De cabelos grisalhos, jaleco e fala rápida (mas sem atropelos), Mário contava que este trabalho poderia ser chamado de “geoquímica forense”. Isto é, fazer análises químicas comparando amostras de petróleo proveniente das praias com as existentes como referência de petróleos produzidos pela Petrobras. Com a finalidade de responder se elas são de mesma origem, ou não.
Mas como isso é possível?
“Aqui temos um banco de amostras de óleo cru da fase de produção de todos os campos produtores”, explica Mário. Ele colocou os óculos na mesa e prosseguiu, entusiasmado. O que fazemos aqui é analisar a composição molecular de amostras de petróleo”.
"Todo organismo apresenta, em sua constituição, substâncias químicas e moléculas características, que os definem biologicamente e ambientalmente, chamados biomarcadores. Desta forma, os microorganismos que viveram em mares ou em lagos a milhões de anos, após morrerem, passam a fazer parte da matéria orgânica depositada junto com os sedimentos destes corpos aquosos."
Mário prosseguiu:
“Esses sedimentos contendo matéria orgânica depositada há milhões de anos sofrem então transformações por aumento de pressão e temperatura, originando o petróleo. No entanto, a composição molecular da matéria orgânica original, ou seus biomarcadores, mantém sua forma estrutural praticamente inalterada, permitindo, assim, a sua utilização para distinguir os diversos ambientes de geração do petróleo. Em resumo, cada ambiente de geração de petróleo tem particularidades identificadas pelos biomarcadores. É esta especificidade que nos leva a fazer analogia com os exames de DNA, ou com os marcadores de doenças identificados em exames de sangue”.
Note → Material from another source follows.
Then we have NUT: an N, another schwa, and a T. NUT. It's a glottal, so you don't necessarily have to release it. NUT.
O óleo cru encontrado nas praias do Nordeste brasileiro no final de setembro levantou a dúvida: seria vazamento da Petrobras? Comparando as amostras coletadas com o banco de “DNA” do Cenpes, foi possível afirmar que não. A equipe da Geoquímica é composta por especialistas, tanto geólogos, quanto químicos. “A experiência desses especialistas, combinada com técnicas de estatística, nos permite aferir a origem do óleo que chega para análise”, continuou Mário.
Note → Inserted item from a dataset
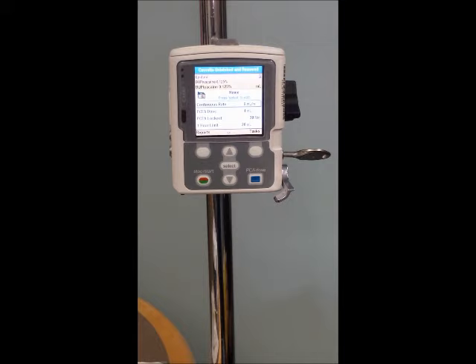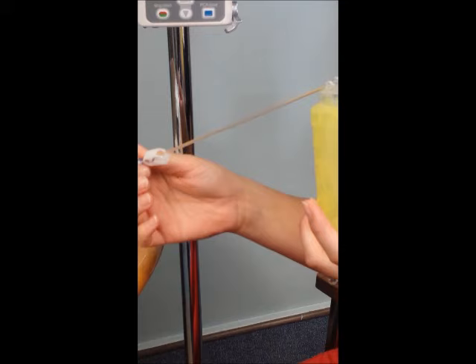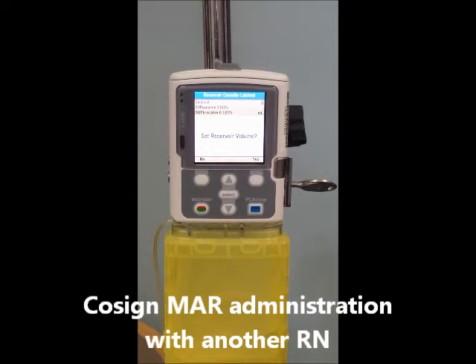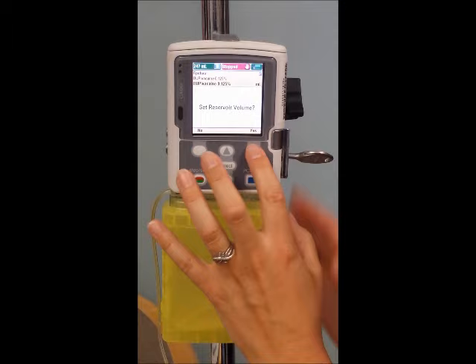You'll take your new cassette, which has been filled by pharmacy — the pigtail will be primed already for you. Clip the cassette on to the bottom of the case, raise the lever back toward the pump. You're going to get an indication asking you if you'd like to set the reservoir volume. You're going to confirm yes and hit yes.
Em seguida, apontou para um troféu que se encontrava em uma mesa atrás de todos os que participavam da conversa. “Recebemos em 2002 como resultado do trabalho de apoio ao derrame que ocorreu na baía de Guanabara no ano 2000. O prêmio de reconhecimento foi devido à participação em um teste cego. Recebemos dez amostras de diferentes plataformas da bacia de Campos. A missão foi identificar quais eram estas plataformas a partir dos óleos de produção de referência existentes em nossos bancos de amostras. Só erramos uma, pois não tínhamos a amostra de referência de uma delas”.
A equipe de TV chegou, e Mário Rangel e sua equipe abriram as portas do laboratório. Mostraram os equipamentos utilizados para as análises, fizeram demonstrações e encararam as câmeras e as perguntas.
O dever de casa começado há mais de duas décadas ganhava mais um capítulo.